Miki tient aussi deux restaurants indiens en ville et a senti qu’il existait une demande pour un service de luxe auprès de sa clientèle aisée. Avec la modéliste Kayo Mita, le tailleur et collectionneur de denim Kimiharu Mizunari et le styliste Shunsuke Sonoda, elle a lancé un projet qui permet de faire réaliser un jean entièrement ou partiellement sur mesure. «Un jean custom intégral coûte 1.100.000 de yens, soit environ 6.200 euros, mais on peut aussi opter pour un modèle semi-custom, coupe droite, à 396.000 yens (environ 2.250 euros).»
Cela peut sembler beaucoup — et ça l’est, explique Miki. «Le sur-mesure est de toute façon onéreux. Nous travaillons avec des matières d’exception et des artisans de haut vol, et le reste du produit sert à financer des projets.» Leur premier client, il y a cinq ans, fut le CEO d’une entreprise textile qui, en voyage familial au Japon, voulait vivre une expérience différente; depuis, ils ont déjà conçu des jeans sur mesure pour des clients venus du monde entier.
Du vrai sur-mesure
Qui choisit le sur-mesure intégral a intérêt à ne pas être sujet au vertige des options, car beaucoup de décisions sont à prendre. Miki ouvre un gros «livre» dont les pages sont en denim. «Évidemment, nous commençons par prendre les mesures, pour disposer des données nécessaires, mais ensuite commence la sélection. De la coupe skinny à la coupe classique, bootcut ou barrel leg, tous les modèles et toutes les tailles sont possibles.
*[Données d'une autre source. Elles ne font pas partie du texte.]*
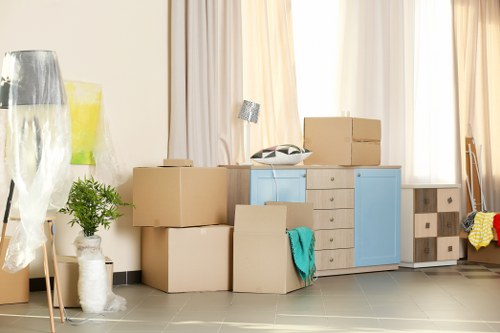 Removal team preparing a London home move with boxes and furniture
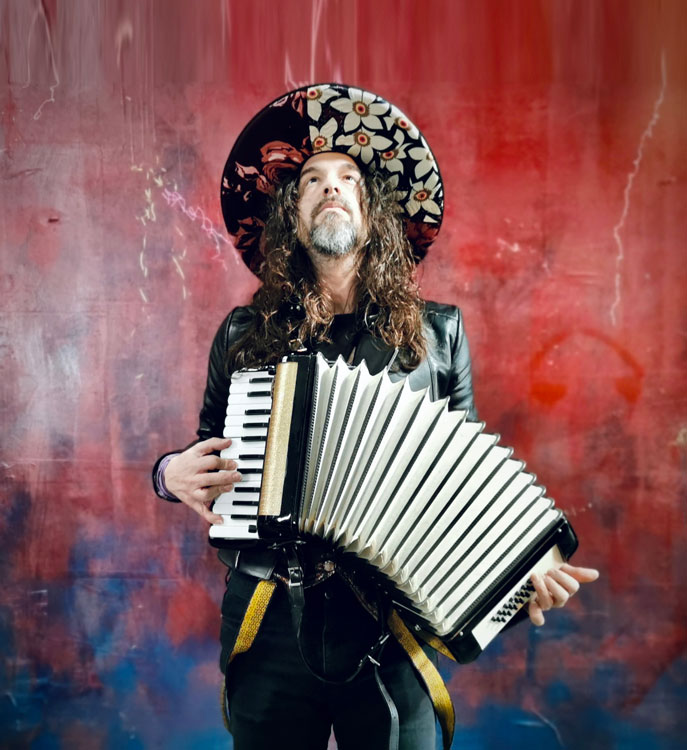 Luca Bassanese wearing a hat playing accordion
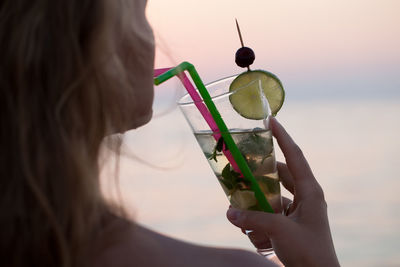 Cropped image of woman drinking cocktail outdoors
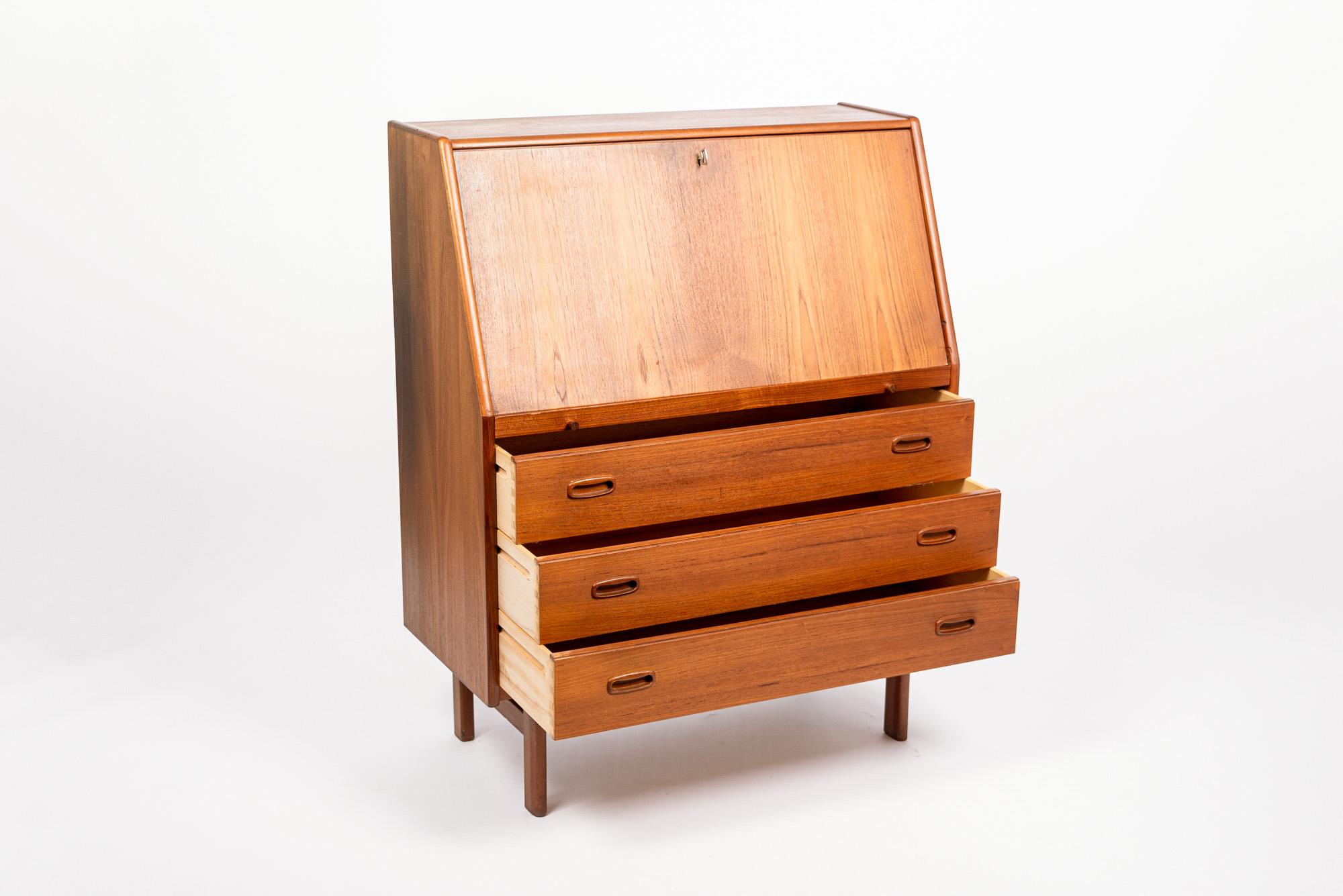This mid century Danish modern teak wood secretary desk by Bernhard Petersen & Son for BPS Mobler was made in Denmark circa 1960. The classic Scandinavian modern design has clean, minimalist lines and gentle curves and is well-crafted from teak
Le choix de toiles de denim est immense, puis viennent les détails: poches, surpiqûres, couleur du fil, boutons et rivets. Nous appelons Kimiharu le Sewing Samurai et Shunsuke le Trend Tuner parce qu’ils aident les clients à arrêter leurs choix de style.»
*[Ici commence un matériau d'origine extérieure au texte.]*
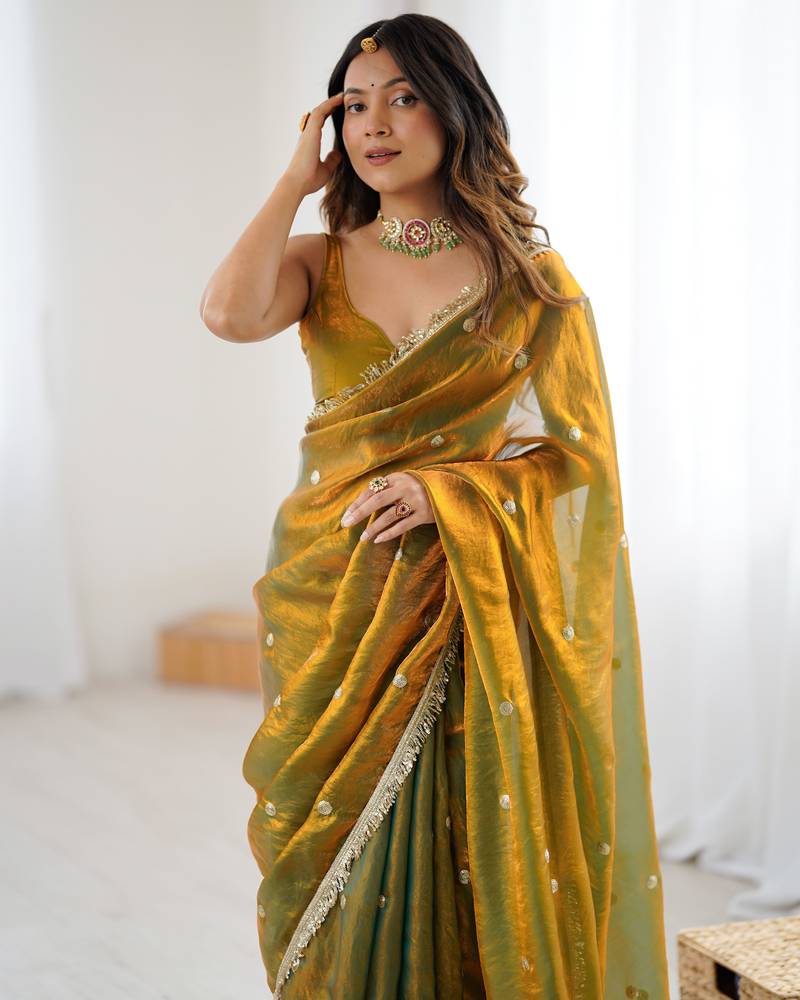 Gold tissue satin sequins saree with unstitched blouse piece.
Une fois les décisions prises, Kayo prend le relais. Elle est modéliste et dessine des patrons pour de grandes marques japonaises et internationales. «Un designer esquisse un modèle et nous, nous le rendons concret, explique-t-elle. Nous traçons le patron et discutons avec les créateurs. Les patrons sont cruciaux: ils sont le plan et la matrice de chaque vêtement. Sur cette base, on réalise des échantillons qui font des allers-retours avec les designers jusqu’à ce que tout corresponde à 100%.» À partir du modèle de denim choisi, Kayo dessine un patron précisément aux mesures du client.

Ce patron passe ensuite chez Kimiharu. «J’ai grandi dans un atelier de coupe; l’entreprise de mon père était mon terrain de jeu», sourit celui qui a étudié à l’académie de mode d’Osaka, y a rencontré Kayo et, en 2005, a fondé Millcreate. «Nous réalisons les prototypes pour des designers japonais et des marques de haute couture, et nous produisons aussi des séries exclusives et très limitées.» La plus petite série qu’ils fabriquent − une seule pièce − est destinée aux clients de BoleeGa.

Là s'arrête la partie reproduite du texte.